[Scraped caption text data]

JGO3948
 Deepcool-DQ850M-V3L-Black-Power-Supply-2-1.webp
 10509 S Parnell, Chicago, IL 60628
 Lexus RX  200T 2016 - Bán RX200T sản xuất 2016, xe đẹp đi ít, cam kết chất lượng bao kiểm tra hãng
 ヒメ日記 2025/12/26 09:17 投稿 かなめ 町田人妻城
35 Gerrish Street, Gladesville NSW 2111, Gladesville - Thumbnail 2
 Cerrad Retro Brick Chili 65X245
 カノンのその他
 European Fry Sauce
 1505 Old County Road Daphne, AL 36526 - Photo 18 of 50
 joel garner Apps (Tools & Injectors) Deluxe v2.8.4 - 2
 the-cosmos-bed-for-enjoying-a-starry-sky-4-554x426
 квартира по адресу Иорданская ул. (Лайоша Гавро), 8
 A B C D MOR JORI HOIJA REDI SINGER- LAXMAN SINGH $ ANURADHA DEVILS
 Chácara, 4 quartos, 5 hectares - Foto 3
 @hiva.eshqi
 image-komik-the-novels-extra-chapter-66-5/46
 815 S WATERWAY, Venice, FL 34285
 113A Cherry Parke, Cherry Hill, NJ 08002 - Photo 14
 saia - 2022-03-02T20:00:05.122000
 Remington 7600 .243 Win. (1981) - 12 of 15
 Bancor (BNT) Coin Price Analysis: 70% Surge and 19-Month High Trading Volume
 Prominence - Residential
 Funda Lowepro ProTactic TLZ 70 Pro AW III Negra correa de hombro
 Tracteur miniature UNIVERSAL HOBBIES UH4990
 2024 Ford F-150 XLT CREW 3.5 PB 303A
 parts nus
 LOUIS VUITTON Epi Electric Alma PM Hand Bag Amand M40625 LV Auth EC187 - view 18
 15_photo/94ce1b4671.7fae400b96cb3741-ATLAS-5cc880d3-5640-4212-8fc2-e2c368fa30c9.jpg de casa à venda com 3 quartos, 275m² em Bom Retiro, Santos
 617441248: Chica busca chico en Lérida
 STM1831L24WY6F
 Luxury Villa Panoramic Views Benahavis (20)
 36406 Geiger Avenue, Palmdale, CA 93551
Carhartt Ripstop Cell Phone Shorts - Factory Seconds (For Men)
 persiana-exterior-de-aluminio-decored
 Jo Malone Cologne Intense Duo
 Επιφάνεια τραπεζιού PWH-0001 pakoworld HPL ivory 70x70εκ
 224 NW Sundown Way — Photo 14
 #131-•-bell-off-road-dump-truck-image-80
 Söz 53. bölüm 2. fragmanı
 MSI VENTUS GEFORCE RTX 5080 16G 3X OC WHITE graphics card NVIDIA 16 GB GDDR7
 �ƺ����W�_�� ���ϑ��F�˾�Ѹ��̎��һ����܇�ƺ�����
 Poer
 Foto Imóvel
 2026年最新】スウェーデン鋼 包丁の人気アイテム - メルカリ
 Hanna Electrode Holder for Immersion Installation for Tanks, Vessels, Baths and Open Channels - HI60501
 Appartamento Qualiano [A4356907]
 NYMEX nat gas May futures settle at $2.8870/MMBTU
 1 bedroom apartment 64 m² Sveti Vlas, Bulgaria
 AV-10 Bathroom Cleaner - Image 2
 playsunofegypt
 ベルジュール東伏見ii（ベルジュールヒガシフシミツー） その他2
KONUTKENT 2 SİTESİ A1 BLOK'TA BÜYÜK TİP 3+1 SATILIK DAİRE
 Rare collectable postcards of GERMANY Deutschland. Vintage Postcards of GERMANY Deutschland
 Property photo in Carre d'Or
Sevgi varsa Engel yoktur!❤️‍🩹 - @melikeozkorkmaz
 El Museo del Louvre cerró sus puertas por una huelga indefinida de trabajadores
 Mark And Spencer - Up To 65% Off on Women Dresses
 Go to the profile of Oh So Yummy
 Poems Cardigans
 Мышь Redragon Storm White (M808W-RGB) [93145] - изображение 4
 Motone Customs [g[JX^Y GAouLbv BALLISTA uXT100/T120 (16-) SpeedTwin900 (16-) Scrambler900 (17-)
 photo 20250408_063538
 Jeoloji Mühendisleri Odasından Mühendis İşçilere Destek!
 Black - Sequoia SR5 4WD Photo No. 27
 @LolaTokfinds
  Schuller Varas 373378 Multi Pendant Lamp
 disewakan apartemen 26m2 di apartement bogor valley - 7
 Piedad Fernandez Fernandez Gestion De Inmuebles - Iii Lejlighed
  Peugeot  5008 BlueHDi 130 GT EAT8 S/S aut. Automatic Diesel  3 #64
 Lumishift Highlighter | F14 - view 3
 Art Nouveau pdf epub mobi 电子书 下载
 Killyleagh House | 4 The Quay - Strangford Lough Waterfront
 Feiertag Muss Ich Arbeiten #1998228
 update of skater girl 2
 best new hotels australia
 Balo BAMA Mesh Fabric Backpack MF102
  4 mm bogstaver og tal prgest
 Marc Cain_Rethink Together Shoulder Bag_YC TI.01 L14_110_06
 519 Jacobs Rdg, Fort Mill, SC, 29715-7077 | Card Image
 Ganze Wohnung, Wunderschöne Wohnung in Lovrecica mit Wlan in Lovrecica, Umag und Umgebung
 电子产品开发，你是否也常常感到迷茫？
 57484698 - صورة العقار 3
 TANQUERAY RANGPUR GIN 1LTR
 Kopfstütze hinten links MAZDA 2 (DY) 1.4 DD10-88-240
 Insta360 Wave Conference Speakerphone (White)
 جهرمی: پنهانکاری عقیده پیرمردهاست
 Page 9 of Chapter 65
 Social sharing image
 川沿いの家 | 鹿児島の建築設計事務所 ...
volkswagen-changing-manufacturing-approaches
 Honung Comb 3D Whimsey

Work request:
Take the lines above from the one containing "Мышь Redragon Storm" to the one containing "川沿いの家 | 鹿児島の建築設計事務所 ..." and retype them exactly, both ends included, with nothing added.

Result of the task:
 Мышь Redragon Storm White (M808W-RGB) [93145] - изображение 4
 Motone Customs [g[JX^Y GAouLbv BALLISTA uXT100/T120 (16-) SpeedTwin900 (16-) Scrambler900 (17-)
 photo 20250408_063538
 Jeoloji Mühendisleri Odasından Mühendis İşçilere Destek!
 Black - Sequoia SR5 4WD Photo No. 27
 @LolaTokfinds
  Schuller Varas 373378 Multi Pendant Lamp
 disewakan apartemen 26m2 di apartement bogor valley - 7
 Piedad Fernandez Fernandez Gestion De Inmuebles - Iii Lejlighed
  Peugeot  5008 BlueHDi 130 GT EAT8 S/S aut. Automatic Diesel  3 #64
 Lumishift Highlighter | F14 - view 3
 Art Nouveau pdf epub mobi 电子书 下载
 Killyleagh House | 4 The Quay - Strangford Lough Waterfront
 Feiertag Muss Ich Arbeiten #1998228
 update of skater girl 2
 best new hotels australia
 Balo BAMA Mesh Fabric Backpack MF102
  4 mm bogstaver og tal prgest
 Marc Cain_Rethink Together Shoulder Bag_YC TI.01 L14_110_06
 519 Jacobs Rdg, Fort Mill, SC, 29715-7077 | Card Image
 Ganze Wohnung, Wunderschöne Wohnung in Lovrecica mit Wlan in Lovrecica, Umag und Umgebung
 电子产品开发，你是否也常常感到迷茫？
 57484698 - صورة العقار 3
 TANQUERAY RANGPUR GIN 1LTR
 Kopfstütze hinten links MAZDA 2 (DY) 1.4 DD10-88-240
 Insta360 Wave Conference Speakerphone (White)
 جهرمی: پنهانکاری عقیده پیرمردهاست
 Page 9 of Chapter 65
 Social sharing image
 川沿いの家 | 鹿児島の建築設計事務所 ...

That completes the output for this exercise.